Glam Signals Its Social Aspirations With A Key Hire

Glam Media is one of the largest publishing and advertising networks on the Web, with a total reach of 90 million people a month in the U.S. Over the past six months, it’s launched a brand-targeted ad serving platform, Glam Adapt, and branched out from its singular focus on women’s sites to include men’s sports sites as well. Its next big push will be into social, and it starts today with the key hire of Ryan Stern as vice president of Glam Social Communities, a new business for Glam.

Stern was previously VP of publishing at FoodBuzz, a network of more than 16,000 food blogs. Her job at Glam will be to oversee a new content authoring system and convince 10,000 to 100,000 bloggers and video creators to start submitting their posts and videos into the system. In a sense, this system will be similar to AOL’s Seed, except that it will feed both Glam’s owned-and-operated sites and independent niche publishers who are part of its ad network.

The hiring of Stern signals Glam’s larger social aspirations. The investment in Glam Social, says CEO Samir Arora, “will be as as large a platform investment as Adapt. You will see hiring, building the team out, also M&A for acquisitions.” In two years, he wants to end up with “two pillars: the ad stack and the social stack.”

Arora is taking social very seriously. For the past 6 months, he’s been meeting with a few top executives to plot out “Glam 2.0.” They attempted to answer the question: “Once the whole world has a social map, what else do you do with it?” In particular, how do you map social onto niche content sites? The result will be Glam Social. Part of it will be this new crowdsourced authoring tool, but it will go beyond that. Arora wants to break up the content silos by linking social communities across related sites.

But Arora does not want to create another content farm, which are great for SEO traffic from search engines but not so good at creating the types of engagement brand advertisers are looking for. By tapping into social, Glam hopes to become the anti-content farm. He also wants to apply this strategy in a very distributed fashion across Glam’s network.

“The next generation of social is a lot of social features outside a centralized place,” he predicts. They haven’t really figured out what those features will be, but you can imagine things like a unified commenting system built on top of Facebook Connect, social recommendations across related sites within a given channel, or a check-in system which links back into the ad server (maybe the most loyal readers who check in and move up a site’s leaderboard will be worth more to advertisers).
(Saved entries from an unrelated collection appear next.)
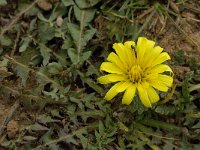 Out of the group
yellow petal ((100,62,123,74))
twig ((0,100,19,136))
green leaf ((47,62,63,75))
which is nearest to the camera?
yellow petal ((100,62,123,74))

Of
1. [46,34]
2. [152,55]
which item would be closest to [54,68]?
[46,34]

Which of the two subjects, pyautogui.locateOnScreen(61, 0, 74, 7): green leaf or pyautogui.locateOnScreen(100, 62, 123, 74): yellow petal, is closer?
pyautogui.locateOnScreen(100, 62, 123, 74): yellow petal

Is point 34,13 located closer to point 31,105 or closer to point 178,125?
point 31,105

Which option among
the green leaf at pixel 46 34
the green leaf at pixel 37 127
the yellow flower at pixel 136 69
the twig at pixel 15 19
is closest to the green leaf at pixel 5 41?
the twig at pixel 15 19

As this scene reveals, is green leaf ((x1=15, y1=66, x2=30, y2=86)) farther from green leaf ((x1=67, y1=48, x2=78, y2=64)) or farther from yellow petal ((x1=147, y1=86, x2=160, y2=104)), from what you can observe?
yellow petal ((x1=147, y1=86, x2=160, y2=104))

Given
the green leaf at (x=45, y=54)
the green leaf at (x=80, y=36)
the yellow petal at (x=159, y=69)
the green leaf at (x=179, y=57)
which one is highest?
the green leaf at (x=80, y=36)

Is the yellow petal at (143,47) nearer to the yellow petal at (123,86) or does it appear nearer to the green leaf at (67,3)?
the yellow petal at (123,86)

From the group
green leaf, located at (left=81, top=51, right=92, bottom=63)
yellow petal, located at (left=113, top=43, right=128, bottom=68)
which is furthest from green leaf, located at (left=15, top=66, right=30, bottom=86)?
yellow petal, located at (left=113, top=43, right=128, bottom=68) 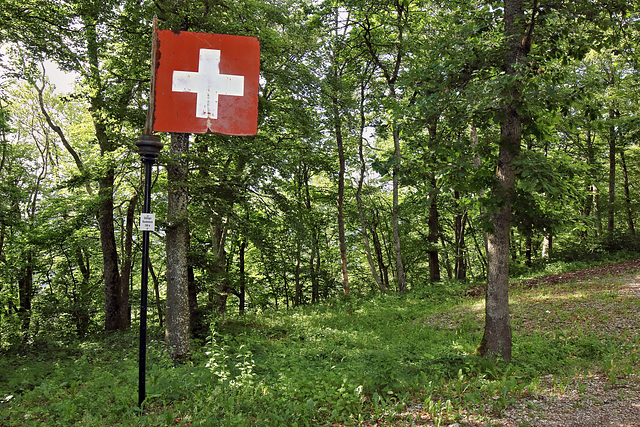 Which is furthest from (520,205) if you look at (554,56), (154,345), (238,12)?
(154,345)

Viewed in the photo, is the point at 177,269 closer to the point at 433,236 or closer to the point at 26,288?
the point at 433,236

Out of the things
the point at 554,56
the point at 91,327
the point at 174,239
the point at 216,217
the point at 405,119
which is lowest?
the point at 91,327

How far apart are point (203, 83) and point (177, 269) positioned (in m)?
4.31

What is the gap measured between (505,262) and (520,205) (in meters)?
1.02

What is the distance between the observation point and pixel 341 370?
592 cm

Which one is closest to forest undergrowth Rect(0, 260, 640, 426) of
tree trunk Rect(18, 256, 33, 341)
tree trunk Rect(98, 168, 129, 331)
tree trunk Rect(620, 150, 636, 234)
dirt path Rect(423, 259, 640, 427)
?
dirt path Rect(423, 259, 640, 427)

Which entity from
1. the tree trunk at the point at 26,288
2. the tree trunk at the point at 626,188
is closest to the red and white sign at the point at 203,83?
the tree trunk at the point at 26,288

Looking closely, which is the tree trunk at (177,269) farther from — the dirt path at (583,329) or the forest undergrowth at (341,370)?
the dirt path at (583,329)

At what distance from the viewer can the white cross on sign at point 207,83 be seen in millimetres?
4152

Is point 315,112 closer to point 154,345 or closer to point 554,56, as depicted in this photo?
point 554,56

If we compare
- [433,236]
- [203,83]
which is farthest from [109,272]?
[433,236]

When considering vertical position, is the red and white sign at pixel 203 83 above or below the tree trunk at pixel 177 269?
above

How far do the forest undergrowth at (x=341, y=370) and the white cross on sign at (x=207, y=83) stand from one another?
11.5 ft

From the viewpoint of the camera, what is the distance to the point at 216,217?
838cm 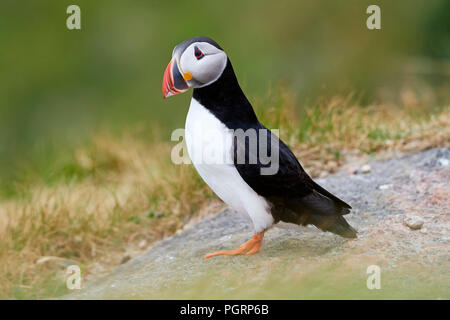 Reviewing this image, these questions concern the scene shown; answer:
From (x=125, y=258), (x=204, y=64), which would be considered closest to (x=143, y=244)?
(x=125, y=258)

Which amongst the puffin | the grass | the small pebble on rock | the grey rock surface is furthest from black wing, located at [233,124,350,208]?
the small pebble on rock

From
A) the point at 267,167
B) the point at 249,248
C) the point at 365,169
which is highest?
the point at 267,167

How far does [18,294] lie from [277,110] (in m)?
2.49

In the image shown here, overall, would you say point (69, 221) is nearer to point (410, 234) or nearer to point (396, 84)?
point (410, 234)

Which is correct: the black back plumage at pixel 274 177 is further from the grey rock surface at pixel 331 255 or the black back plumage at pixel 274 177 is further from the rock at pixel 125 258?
the rock at pixel 125 258

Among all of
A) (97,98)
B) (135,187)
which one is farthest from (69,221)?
(97,98)

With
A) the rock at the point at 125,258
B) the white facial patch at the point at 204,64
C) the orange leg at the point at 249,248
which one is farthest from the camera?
the rock at the point at 125,258

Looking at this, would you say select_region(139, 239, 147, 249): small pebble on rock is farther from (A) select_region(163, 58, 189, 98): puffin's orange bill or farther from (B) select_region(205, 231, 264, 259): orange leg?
(A) select_region(163, 58, 189, 98): puffin's orange bill

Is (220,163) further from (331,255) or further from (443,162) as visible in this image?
(443,162)

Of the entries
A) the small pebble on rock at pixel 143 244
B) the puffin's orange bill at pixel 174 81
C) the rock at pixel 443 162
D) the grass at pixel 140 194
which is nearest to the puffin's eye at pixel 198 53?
the puffin's orange bill at pixel 174 81

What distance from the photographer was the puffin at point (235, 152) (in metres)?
3.69

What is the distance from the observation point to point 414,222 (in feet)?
13.5

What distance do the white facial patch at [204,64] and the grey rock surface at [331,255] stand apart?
3.10ft

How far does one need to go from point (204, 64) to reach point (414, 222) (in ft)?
5.16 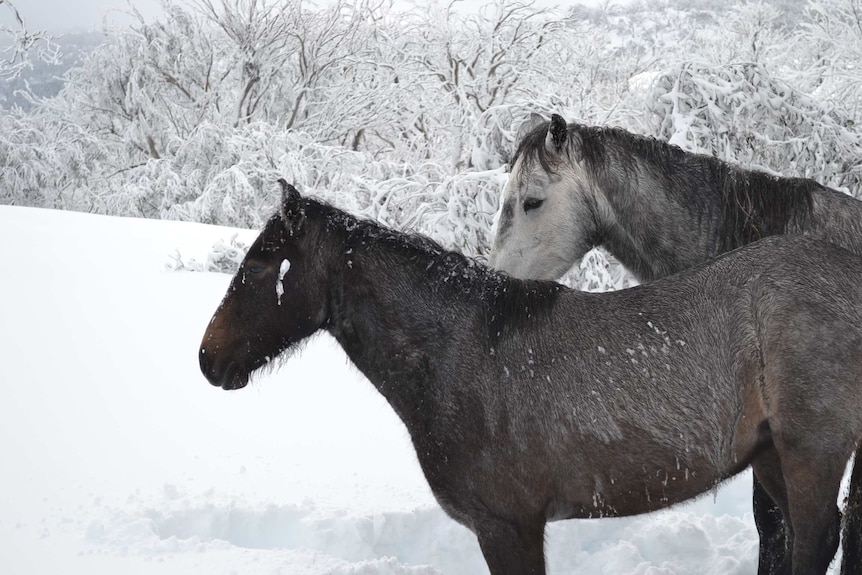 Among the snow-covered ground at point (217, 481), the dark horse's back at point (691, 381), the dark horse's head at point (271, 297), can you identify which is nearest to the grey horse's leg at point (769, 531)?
the snow-covered ground at point (217, 481)

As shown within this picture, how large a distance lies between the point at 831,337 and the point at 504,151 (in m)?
6.24

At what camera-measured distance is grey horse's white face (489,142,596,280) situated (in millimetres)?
3840

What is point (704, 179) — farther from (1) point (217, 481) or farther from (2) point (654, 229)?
(1) point (217, 481)

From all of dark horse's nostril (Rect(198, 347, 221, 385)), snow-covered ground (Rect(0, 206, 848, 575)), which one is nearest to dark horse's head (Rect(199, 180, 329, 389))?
dark horse's nostril (Rect(198, 347, 221, 385))

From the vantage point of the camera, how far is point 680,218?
3695 millimetres

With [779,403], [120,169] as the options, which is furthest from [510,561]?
[120,169]

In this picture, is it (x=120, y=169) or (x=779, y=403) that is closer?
(x=779, y=403)

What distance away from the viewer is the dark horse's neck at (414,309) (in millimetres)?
2764

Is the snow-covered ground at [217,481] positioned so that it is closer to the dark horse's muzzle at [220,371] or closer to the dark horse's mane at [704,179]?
the dark horse's muzzle at [220,371]

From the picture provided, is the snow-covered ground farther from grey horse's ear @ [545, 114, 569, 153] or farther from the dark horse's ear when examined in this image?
grey horse's ear @ [545, 114, 569, 153]

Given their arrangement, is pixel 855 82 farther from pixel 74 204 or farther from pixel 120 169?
pixel 74 204

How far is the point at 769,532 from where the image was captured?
3.46 m

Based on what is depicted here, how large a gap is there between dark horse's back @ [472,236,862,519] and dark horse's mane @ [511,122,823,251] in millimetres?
873

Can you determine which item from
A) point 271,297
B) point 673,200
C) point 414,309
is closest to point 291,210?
point 271,297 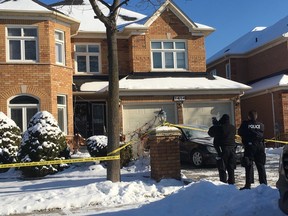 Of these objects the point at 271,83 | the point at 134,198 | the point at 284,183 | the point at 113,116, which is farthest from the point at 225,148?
the point at 271,83

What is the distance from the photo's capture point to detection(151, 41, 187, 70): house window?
21.6 metres

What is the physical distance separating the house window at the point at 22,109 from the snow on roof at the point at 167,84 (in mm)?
3123

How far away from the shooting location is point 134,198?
8391mm

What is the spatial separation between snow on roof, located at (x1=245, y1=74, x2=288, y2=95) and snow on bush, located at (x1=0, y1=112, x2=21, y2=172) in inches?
529

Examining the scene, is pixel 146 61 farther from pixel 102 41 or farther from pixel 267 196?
pixel 267 196

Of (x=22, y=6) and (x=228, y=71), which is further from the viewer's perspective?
(x=228, y=71)

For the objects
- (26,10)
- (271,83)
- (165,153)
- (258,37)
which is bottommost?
(165,153)

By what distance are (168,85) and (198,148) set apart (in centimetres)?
697

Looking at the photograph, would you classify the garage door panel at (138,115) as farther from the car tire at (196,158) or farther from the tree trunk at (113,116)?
the tree trunk at (113,116)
What is significant about this new direction for Glam is that up until now its relationship with outside publishers has been purely as an ad network. But by managing and curating high-quality content on their behalf, that relationship will become more like a TV network with its affiliates where it is actually generating content for its affiliate publishers which they will be able to use to augment their own articles and videos. There may be central hubs by topic and channel where these stories and videos live, but the idea is to syndicate them broadly to publishers in the Glam advertising network.